Outra ainda no meu microcosmo,
repetida muitas vezes, desta vez pela minha mãe, é a de quando perguntávamos
para ela, se estava tudo bem, ela falava: “Tudo como dantes no quartel de
Abrantes”, dessa vez para dizer que estava tudo como sempre, sem
nenhuma alteração, mesmo sabendo que existiam alguns problemas. E tal qual o
significado histórico de tal frase (*), levando-se em conta a sua
personalidade, o mundo podia estar desabando, mas ela queria acreditar que
estava tudo bem, como sempre ela queria que estivesse.
Agora, levando essa frase para o macrocosmo, ou seja, o país, o mundo, o planeta, é bastante peculiar como algumas pessoas continuam vivendo como se estivesse tudo calmo no quartel de Abrantes, ignorando a ebulição pela qual passa a humanidade.
Temos diante dos nossos olhos uma
mudança profunda do nosso viver desde o início deste século. Intensas alterações sociais e tecnológicas, que nos colocaram no caos que temos
vivenciado, e muitos ainda permanecem com o mesmo pensar, os mesmos hábitos e
posturas do antigo século, ignorando a evolução do mundo. Aliás, na minha
observação, esse mesmo caos é muitas vezes causado pela incapacidade da maioria em
mudar o pensar e algumas atitudes, teimosamente iludidos que nada podem fazer.

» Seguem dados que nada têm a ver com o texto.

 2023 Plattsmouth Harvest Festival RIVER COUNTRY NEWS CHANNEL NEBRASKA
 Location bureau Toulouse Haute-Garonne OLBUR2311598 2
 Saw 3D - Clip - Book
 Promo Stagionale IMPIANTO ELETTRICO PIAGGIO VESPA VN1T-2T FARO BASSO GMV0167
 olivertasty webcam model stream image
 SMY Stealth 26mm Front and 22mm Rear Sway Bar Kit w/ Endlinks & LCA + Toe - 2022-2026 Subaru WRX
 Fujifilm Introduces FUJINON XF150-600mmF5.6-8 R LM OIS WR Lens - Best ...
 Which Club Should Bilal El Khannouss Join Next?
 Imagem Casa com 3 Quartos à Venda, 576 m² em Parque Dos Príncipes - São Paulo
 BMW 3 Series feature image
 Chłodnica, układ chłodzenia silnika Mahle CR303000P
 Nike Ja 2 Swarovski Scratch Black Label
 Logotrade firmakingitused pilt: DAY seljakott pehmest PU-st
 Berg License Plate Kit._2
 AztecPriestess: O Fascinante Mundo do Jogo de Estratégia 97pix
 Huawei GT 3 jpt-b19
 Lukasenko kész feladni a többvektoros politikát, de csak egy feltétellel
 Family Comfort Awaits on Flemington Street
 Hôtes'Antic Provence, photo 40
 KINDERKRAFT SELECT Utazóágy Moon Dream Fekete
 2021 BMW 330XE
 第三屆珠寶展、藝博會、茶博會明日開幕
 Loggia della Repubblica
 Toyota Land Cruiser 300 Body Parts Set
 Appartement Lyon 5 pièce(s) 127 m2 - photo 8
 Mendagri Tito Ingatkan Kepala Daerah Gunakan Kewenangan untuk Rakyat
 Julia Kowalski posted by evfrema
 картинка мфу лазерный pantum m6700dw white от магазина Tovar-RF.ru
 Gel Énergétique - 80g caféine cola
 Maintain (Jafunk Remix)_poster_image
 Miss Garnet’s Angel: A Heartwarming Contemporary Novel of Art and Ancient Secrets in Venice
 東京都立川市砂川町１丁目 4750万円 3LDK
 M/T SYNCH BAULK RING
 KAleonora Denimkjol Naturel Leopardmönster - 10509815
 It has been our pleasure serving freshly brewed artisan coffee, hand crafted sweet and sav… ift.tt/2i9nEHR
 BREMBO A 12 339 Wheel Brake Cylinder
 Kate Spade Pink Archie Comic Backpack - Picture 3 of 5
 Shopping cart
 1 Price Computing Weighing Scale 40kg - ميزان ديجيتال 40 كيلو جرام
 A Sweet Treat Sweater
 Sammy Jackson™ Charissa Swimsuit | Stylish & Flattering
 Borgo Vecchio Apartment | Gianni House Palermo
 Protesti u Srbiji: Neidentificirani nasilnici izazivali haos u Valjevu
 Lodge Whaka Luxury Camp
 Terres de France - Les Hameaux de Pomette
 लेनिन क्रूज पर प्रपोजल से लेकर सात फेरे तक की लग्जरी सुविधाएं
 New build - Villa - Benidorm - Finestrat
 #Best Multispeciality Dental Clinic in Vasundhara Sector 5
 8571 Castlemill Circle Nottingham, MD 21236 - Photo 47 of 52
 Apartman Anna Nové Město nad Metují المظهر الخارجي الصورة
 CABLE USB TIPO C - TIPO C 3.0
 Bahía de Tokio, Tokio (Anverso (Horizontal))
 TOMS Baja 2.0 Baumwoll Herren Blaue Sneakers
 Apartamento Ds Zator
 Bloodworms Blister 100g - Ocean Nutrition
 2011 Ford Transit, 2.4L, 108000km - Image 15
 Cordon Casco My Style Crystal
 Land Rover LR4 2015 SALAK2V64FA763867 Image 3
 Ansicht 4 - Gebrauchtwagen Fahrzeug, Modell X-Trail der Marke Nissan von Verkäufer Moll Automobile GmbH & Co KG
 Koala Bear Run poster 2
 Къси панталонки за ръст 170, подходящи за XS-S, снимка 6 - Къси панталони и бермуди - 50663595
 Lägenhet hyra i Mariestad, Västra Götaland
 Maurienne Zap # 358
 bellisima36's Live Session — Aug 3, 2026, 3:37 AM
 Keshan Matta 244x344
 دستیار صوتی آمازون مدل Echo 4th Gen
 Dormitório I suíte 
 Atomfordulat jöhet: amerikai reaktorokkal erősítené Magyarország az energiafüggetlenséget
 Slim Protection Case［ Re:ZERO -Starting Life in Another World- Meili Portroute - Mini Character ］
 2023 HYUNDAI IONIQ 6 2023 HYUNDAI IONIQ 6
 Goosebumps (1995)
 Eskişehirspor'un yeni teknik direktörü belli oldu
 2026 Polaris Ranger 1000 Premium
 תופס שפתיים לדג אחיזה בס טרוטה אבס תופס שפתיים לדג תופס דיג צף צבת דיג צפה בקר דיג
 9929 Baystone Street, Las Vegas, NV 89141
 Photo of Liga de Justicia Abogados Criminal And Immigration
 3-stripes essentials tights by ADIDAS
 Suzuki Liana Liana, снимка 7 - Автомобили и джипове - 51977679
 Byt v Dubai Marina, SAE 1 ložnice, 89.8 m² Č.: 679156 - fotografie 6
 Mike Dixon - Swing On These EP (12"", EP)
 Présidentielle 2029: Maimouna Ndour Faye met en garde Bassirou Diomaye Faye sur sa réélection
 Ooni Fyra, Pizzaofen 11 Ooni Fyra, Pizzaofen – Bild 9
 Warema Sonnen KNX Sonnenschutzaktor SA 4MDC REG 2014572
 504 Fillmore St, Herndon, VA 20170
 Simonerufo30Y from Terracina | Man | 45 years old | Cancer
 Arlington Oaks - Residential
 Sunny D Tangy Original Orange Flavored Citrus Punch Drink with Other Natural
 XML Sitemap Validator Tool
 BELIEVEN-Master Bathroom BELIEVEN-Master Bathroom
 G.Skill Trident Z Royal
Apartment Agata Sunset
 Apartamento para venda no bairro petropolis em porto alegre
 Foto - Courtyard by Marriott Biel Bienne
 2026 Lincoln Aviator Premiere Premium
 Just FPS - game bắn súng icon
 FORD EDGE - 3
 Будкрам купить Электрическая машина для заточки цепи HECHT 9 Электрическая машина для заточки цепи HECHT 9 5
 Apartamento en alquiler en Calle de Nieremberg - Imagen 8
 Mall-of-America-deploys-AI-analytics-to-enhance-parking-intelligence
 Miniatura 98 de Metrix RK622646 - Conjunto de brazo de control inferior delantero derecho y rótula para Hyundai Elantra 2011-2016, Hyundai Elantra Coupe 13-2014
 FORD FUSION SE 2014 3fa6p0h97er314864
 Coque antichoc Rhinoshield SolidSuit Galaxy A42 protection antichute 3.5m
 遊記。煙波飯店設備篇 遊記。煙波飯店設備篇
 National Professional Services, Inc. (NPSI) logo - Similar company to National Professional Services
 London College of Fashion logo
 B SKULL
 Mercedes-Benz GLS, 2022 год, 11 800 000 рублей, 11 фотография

E aí podemos elencar muitas
formas de assim ser; o que se coloca como vítima; ou aquele que se estiver tudo
bem para si e os seus, não interessa o restante; o resignado que aguarda um
salvador para salvar o mundo, e por aí se vai com o planeta nitidamente agitado,
muitos perdidos.
Não há receita ou agente externo
que possa nos dizer o que fazer, mas, concluo, diante da observação de todas essas
alterações, e pelas minhas próprias experiencias, que não há outra forma que
não seja a do autoconhecimento.
Cada um, como universo particular
que é, tem seu tempo para processar tudo ao seu redor, se quiser. Entender as
mudanças pelas quais passamos de uma forma equilibrada, e assim abrir a mente e
colaborar com a evolução, requer conhecer-se profundamente, de modo a
justamente alcançar esse equilíbrio. Ou seja, para equilibrar esse conflito
entre os sentimentos e a razão, é preciso entender-se para trabalhar essa
enorme dificuldade. Trabalho árduo, onde passa ser totalmente justificável o
porquê tantos ainda que não querem ter essa percepção e continuar vivendo apontando culpados,
ou resignados em dogmas e crenças à espera da salvação, ou na ilusão que para
si está tudo bem.
Cada um com sua escolha!
Da minha parte, passados esses anos que aqui estou neste planeta, estou buscando esse caminho de saber afinal, quem
sou. Uma viagem em uma estrada totalmente acidentada, em que cada buraco foi
causado por mim mesma, na autossabotagem das minhas crenças, na minha criação,
no meu meio, e também na
minha ancestralidade.
Mas acredito firmemente ainda, que nesta jornada, onde muitas vezes tenho parado e depois volto a seguir em frente, chegarei ao meu propósito, quebrando padrões que foram aprendidos, mas que não me pertencem, rompendo com crenças que me limitam emocionalmente e espiritualmente, e principalmente honrando minha ancestralidade com minha evolução. Só assim entendo que conseguirei modificar o meio em que vivo, para um lugar melhor e de boas vibrações, sem ignorar que o “quartel de Abrantes” não está calmo e lutar pela sua segurança, mas, ao mesmo tempo aproveitar enquanto “o Brás é tesoureiro”.
Ao equilíbrio!
(*) A expressão refere-se a um período em que o
general francês Junot instalou seu quartel em Abrantes, Portugal, e o governo
português não fez nada para se opor à invasão. Em resumo: "Tudo como
dantes no quartel de Abrantes" é uma forma de dizer que, apesar de
mudanças aparentes nada se faz para
resolver um problema.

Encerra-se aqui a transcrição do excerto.